*** Opening of Supplied records ***

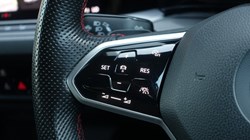 2021 (21) VOLKSWAGEN GOLF 2.0 TSI 300 GTI Clubsport 5dr DSG 5634755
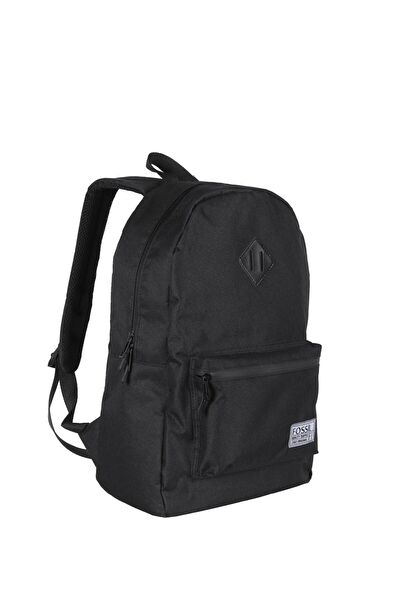 Fossil Kadın Sırt Çantası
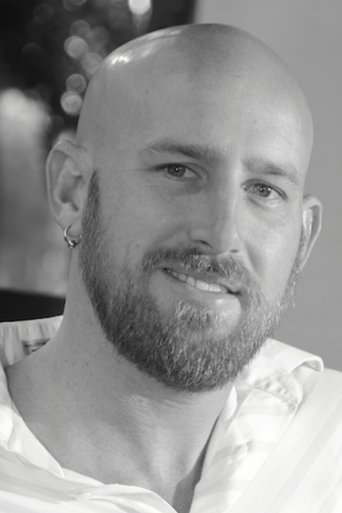 Portrait of Christopher L. Harvey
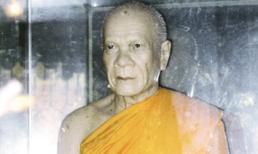 Thực hư pho tượng "mọc tóc" ở chùa Quán Sứ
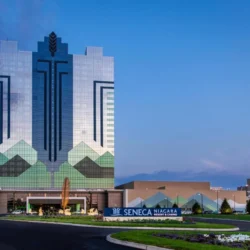 ABAE Hotel by Eskape Collection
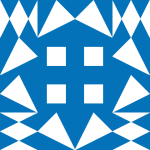 Avatar of More on Procurement Nation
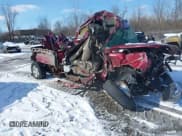 ✅ 2005 Chevrolet Silverado 1500 LT • VIN: 1GCEC19T15Z296326 • Лот: 41604712. Опубликован ранее на IAAI с пробегом Не указан. Бесплатный доступ к архиву аукционных продаж из США и подробный отчёт об истории автомобиля на DreamBid. Изображение 6.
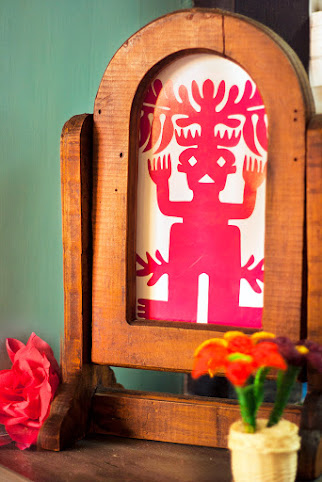 Hostal Gente de Más by null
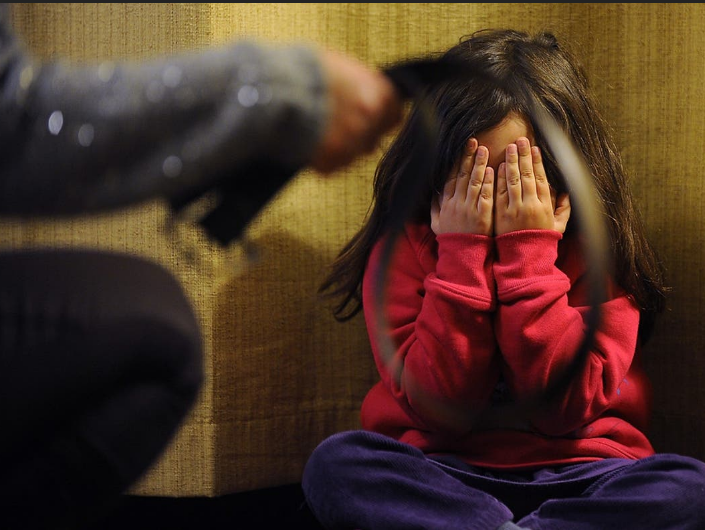 En 2025 #Guanajuato es segundo lugar nacional en homicidios de menores y cuarto en delitos contra infancias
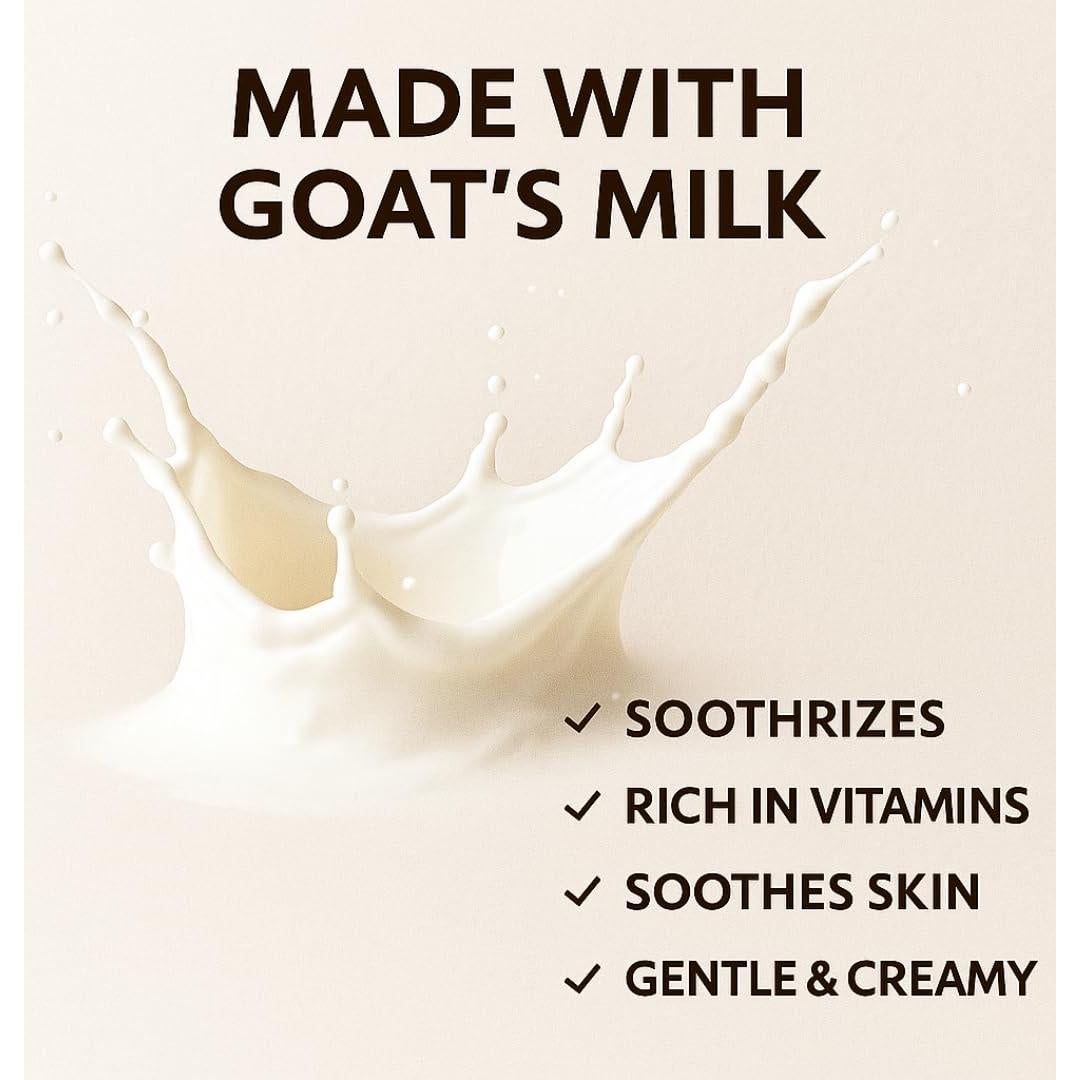 Jabón Natural de Cúrcuma y Zanahoria Sin Fragancia 99g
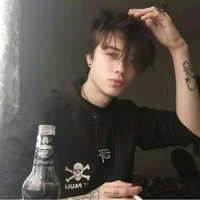 matheus/fumaça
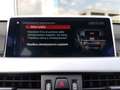 BMW X1 xDrive25e Plug-In Hybrid FariLED CarPlay Sensori Grigio - thumbnail 38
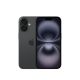 7. Apple iPhone 16 128GB Black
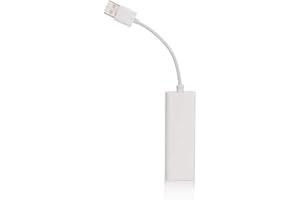 ERISIN USB Car Play Dongle Android Car Sat Nav Box Mirror BT dla Android Car Stereos iPhone Android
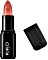 KIKO Milano Smart Fusion Lipstick 404 rosy biscuit, 3g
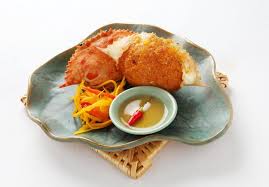 Is ideas advanced armament jobs? Island Grill Photos Facebook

*** Close of Supplied records ***

Work item ▸
Only the lines from the one containing "Portrait of Christopher L. Harvey" through the last line of the data above, both included, belong in the reply, each restated exactly and without pictures.

Output below ▸
 Portrait of Christopher L. Harvey
 Thực hư pho tượng "mọc tóc" ở chùa Quán Sứ
 ABAE Hotel by Eskape Collection
 Avatar of More on Procurement Nation
 ✅ 2005 Chevrolet Silverado 1500 LT • VIN: 1GCEC19T15Z296326 • Лот: 41604712. Опубликован ранее на IAAI с пробегом Не указан. Бесплатный доступ к архиву аукционных продаж из США и подробный отчёт об истории автомобиля на DreamBid. Изображение 6.
 Hostal Gente de Más by null
 En 2025 #Guanajuato es segundo lugar nacional en homicidios de menores y cuarto en delitos contra infancias
 Jabón Natural de Cúrcuma y Zanahoria Sin Fragancia 99g
 matheus/fumaça
 BMW X1 xDrive25e Plug-In Hybrid FariLED CarPlay Sensori Grigio - thumbnail 38
 7. Apple iPhone 16 128GB Black
 ERISIN USB Car Play Dongle Android Car Sat Nav Box Mirror BT dla Android Car Stereos iPhone Android
 KIKO Milano Smart Fusion Lipstick 404 rosy biscuit, 3g
 Is ideas advanced armament jobs? Island Grill Photos Facebook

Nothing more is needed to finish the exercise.